* **What to do**
Since only part of the material below is wanted, output exactly the lines from the one with "this 250×188 image." up to and including the one with "this 450×600 image.".

* **Given records**
_ _ _ _ _

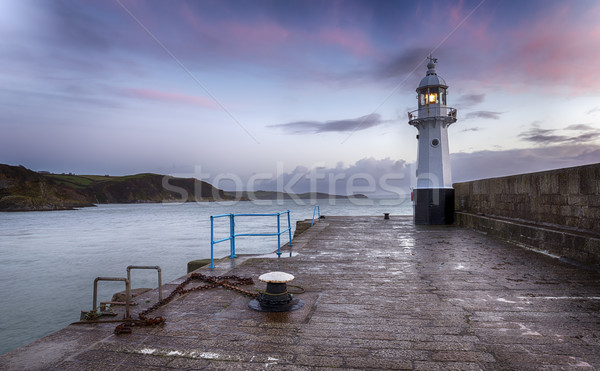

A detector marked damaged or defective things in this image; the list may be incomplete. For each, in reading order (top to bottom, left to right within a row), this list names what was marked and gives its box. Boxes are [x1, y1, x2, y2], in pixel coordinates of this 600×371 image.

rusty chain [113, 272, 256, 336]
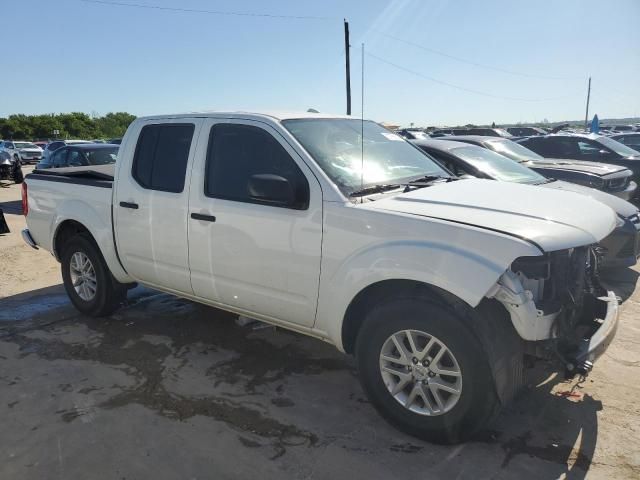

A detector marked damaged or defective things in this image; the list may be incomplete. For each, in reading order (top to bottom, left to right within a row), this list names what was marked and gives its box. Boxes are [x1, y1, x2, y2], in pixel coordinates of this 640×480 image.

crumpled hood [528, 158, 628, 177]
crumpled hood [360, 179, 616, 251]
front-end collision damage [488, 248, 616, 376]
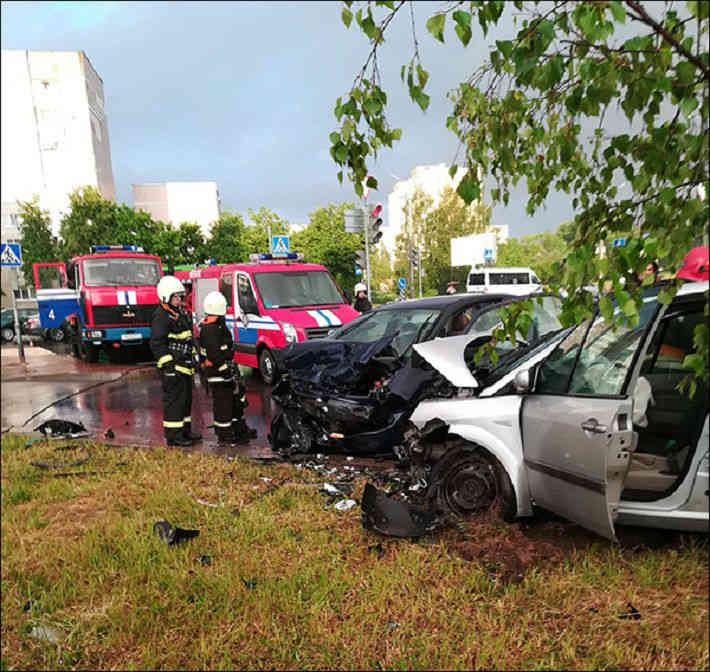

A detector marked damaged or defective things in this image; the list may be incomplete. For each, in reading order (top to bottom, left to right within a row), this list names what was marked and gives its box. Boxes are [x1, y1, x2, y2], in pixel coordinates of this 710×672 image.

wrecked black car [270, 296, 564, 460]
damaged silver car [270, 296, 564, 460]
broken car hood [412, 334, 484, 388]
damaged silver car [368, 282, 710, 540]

_ _ _ _ _

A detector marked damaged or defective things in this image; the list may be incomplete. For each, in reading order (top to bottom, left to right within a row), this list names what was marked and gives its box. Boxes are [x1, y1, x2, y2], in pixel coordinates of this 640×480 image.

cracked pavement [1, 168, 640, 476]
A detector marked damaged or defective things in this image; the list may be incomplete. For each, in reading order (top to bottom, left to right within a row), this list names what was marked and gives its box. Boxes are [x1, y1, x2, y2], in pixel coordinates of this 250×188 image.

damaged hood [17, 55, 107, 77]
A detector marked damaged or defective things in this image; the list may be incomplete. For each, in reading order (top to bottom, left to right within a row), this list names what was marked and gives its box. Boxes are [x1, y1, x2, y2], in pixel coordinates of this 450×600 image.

_ _ _ _ _

* **Solved exercise**
A detector marked damaged or defective things in this image; the list may be incomplete. For each, in reading order (top to bottom, left to right within a row), this list names what was marked and gives its box. Boxes are [x1, y1, x2, y2], in pixel coordinates of this 250×188 image.

damaged hood [17, 55, 107, 77]
A detector marked damaged or defective things in this image; the list may be incomplete. For each, in reading order (top to bottom, left to right within a row), this list names what was marked and gives its box. Boxes are [x1, y1, x2, y2], in pixel coordinates of this 450×600 image.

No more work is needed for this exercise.